EXERCISE GOAL » Output all the data exactly. Pictures do not belong in the copy.

GIVEN INFORMATION »
----
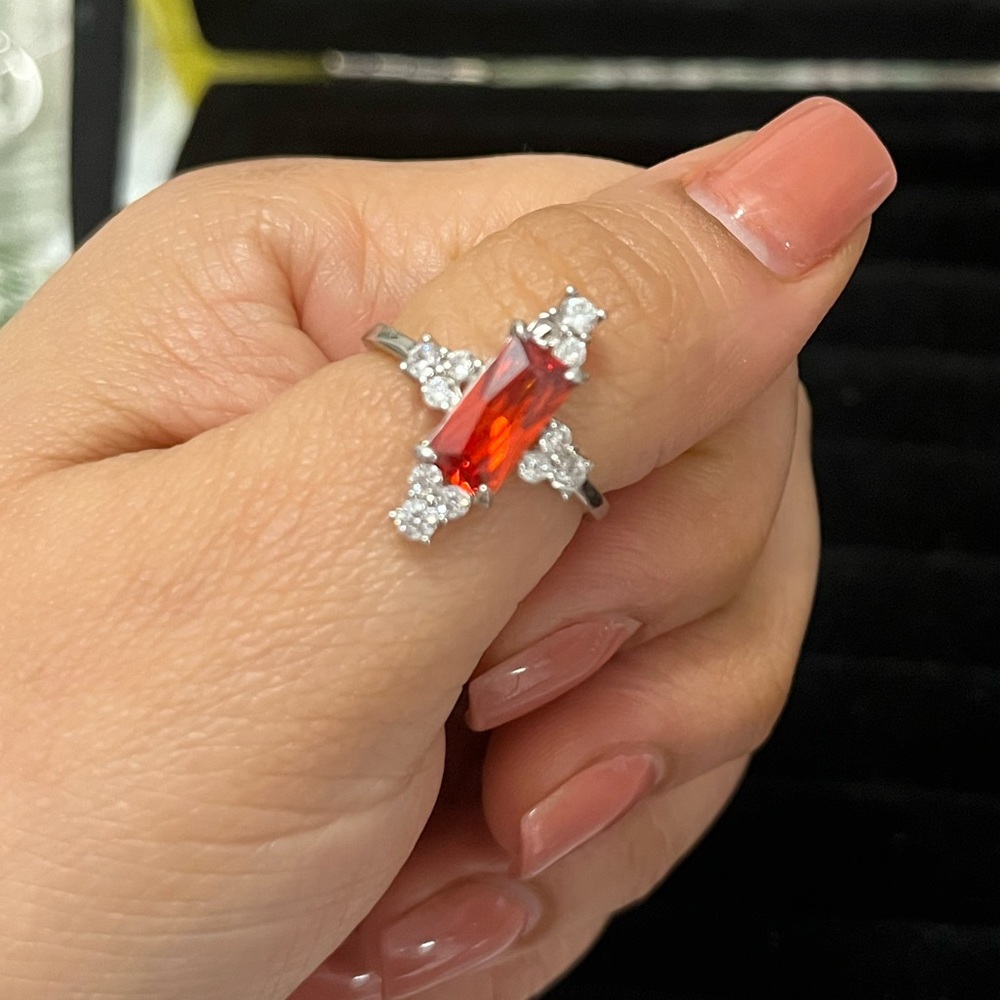 Tangerine Cubic Zirconia Ring .925 Sterling Silver Size 8 Bomb Party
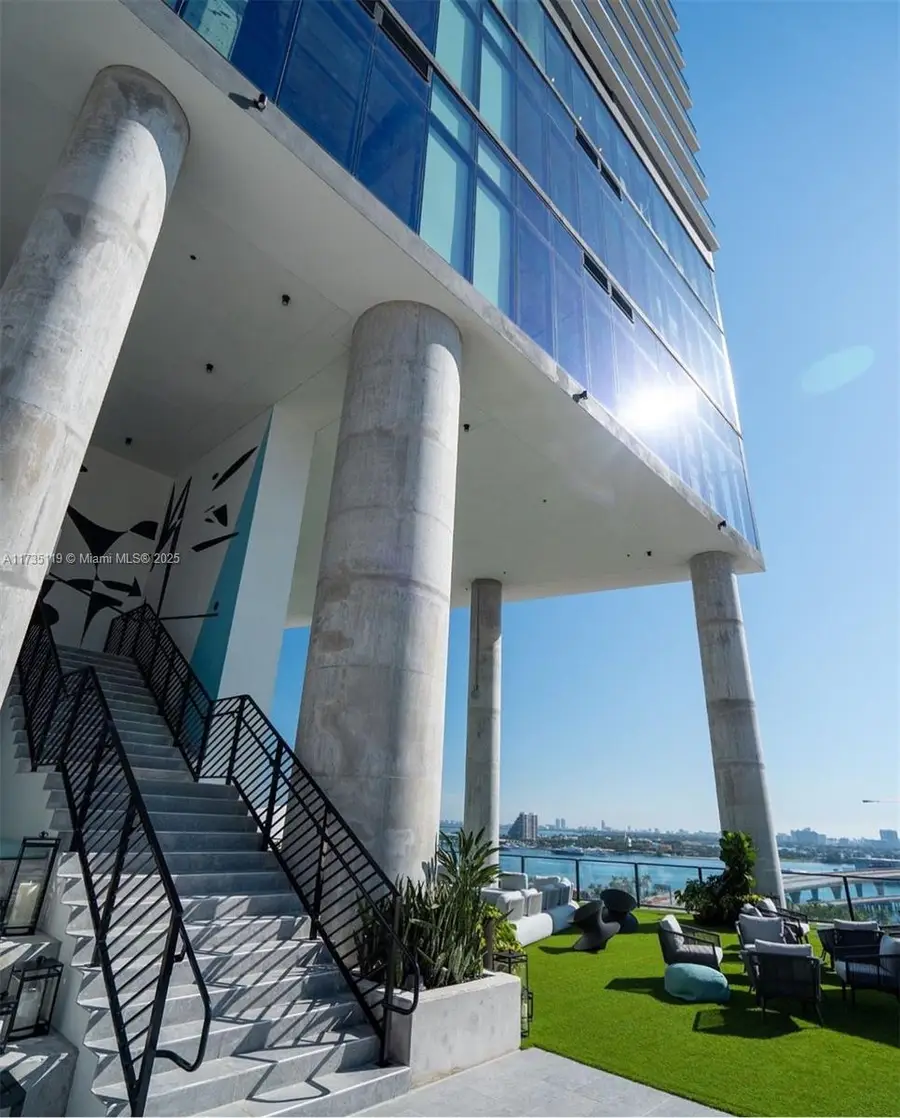 398 NE 5th St #1510, Miami, FL 33132 - #3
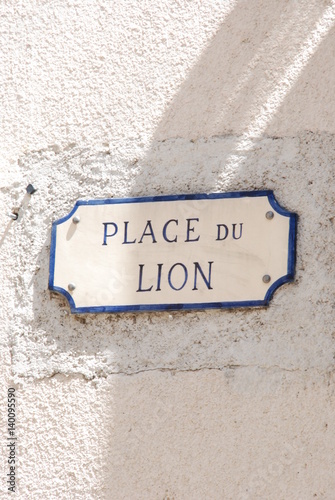 Aubagne place du lion photo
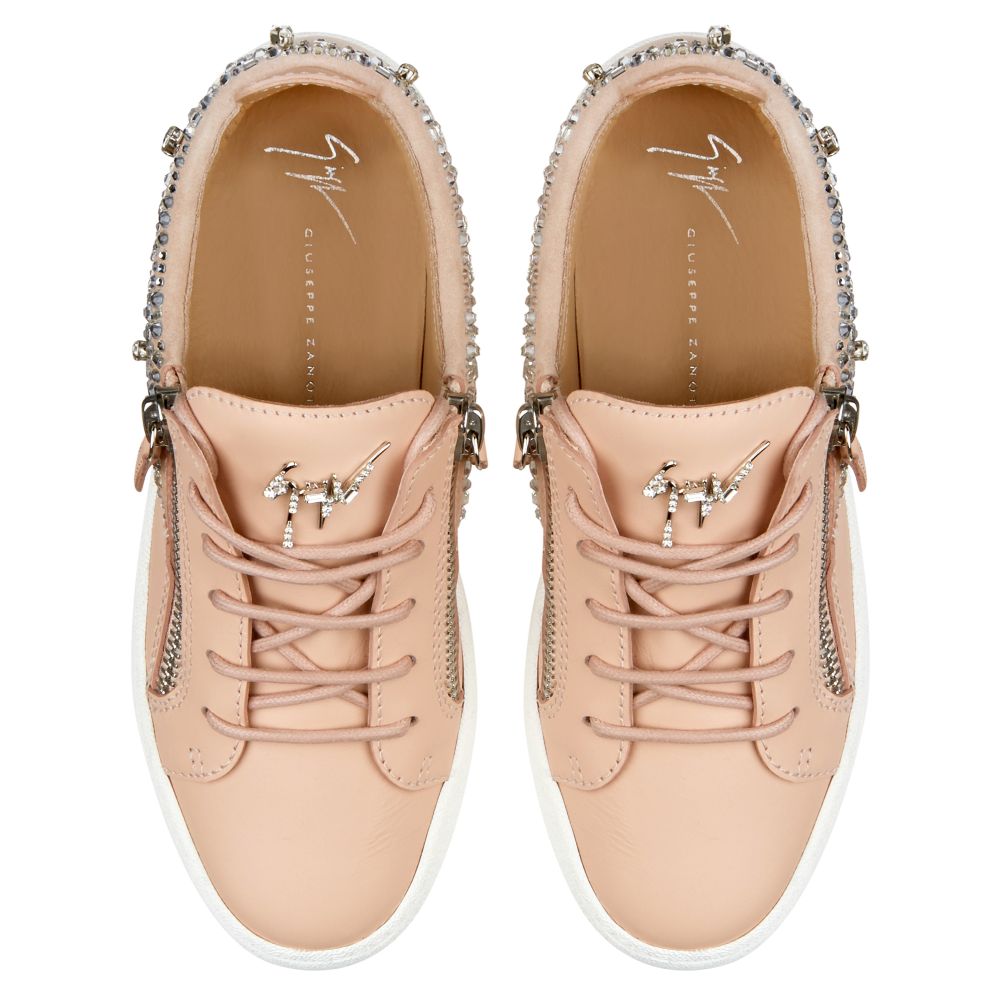 GAIL - Pink - Low top sneakers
----
SOLUTION »
 Tangerine Cubic Zirconia Ring .925 Sterling Silver Size 8 Bomb Party
 398 NE 5th St #1510, Miami, FL 33132 - #3
 Aubagne place du lion photo
 GAIL - Pink - Low top sneakers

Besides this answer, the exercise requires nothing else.